Ava and I went through the engine sequence start, and two minutes later, with magneto checks accomplished, all four engines were turning over sweetly, sending a vibration through the plane much the same as a heartbeat does in a human being. Instruments in the green, pre-flight check done, I flexed my fingers for a brief second before closing them over the throttles.
‘Stand by,’ I said.
Ava sat up straight. ‘Standing by.’
I slowly advanced the throttles. But instead of moving gracefully away from the dock, the clipper sat there, tied to it with the strong manila line leading back from Orlando’s gun station to the dock.

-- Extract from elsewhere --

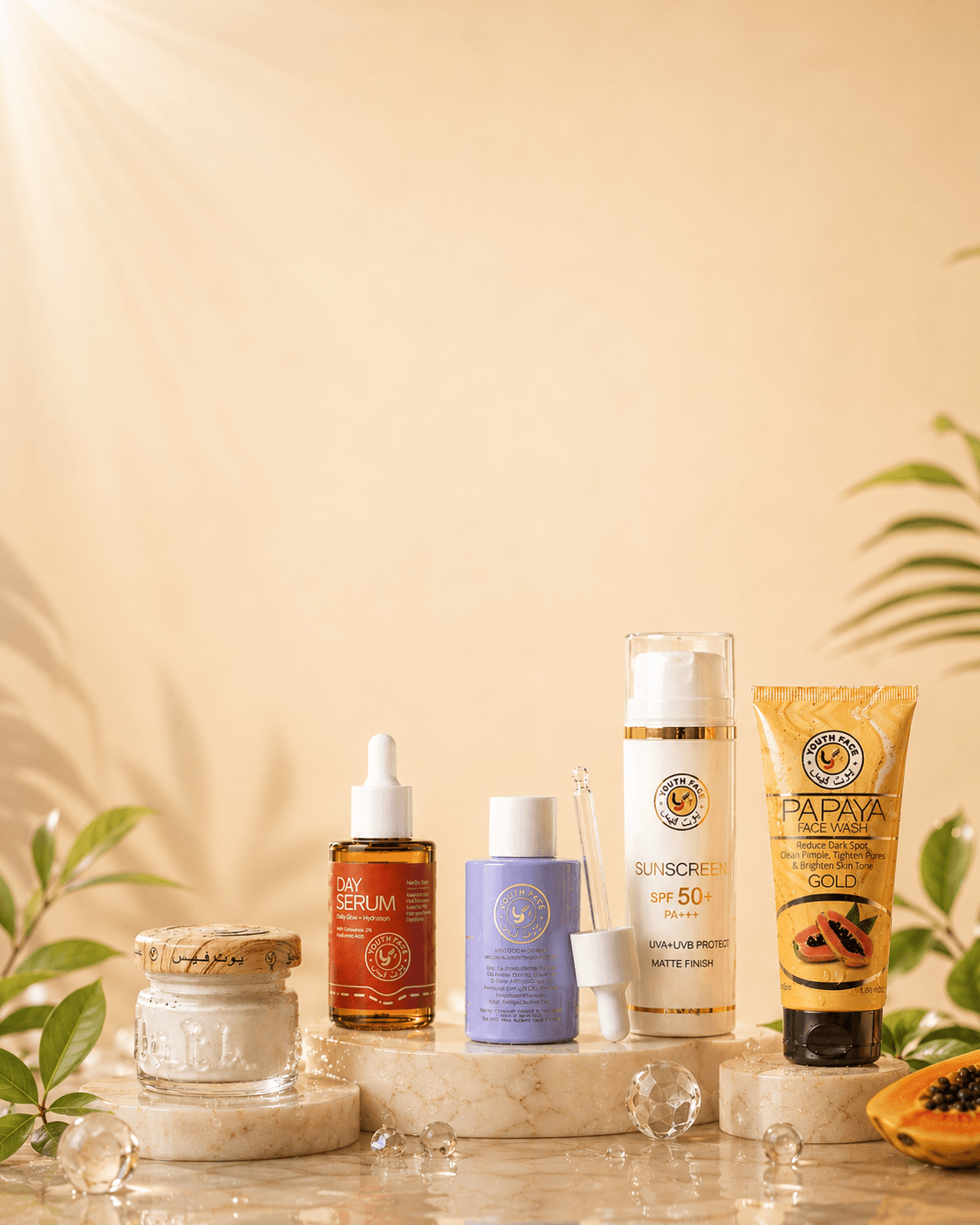 Youth Face skincare collection banner featuring daily skincare products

‘Waist gunner, line status,’ I said over the increasing engine roar.
‘Holding steady,’ Orlando said.
‘Ready close cowl flaps fifty.’ Mason said. ‘Standing by.’
The cylinder head temperatures were rising fast. The plane wasn’t designed to be held back on a leash like a straining greyhound and her engines were showing the strain. The small flaps encircling the streamlined engine cowls were doing their best to let air in to cool down the cylinders. But once we started our takeoff run, they would add drag unless we closed them partway.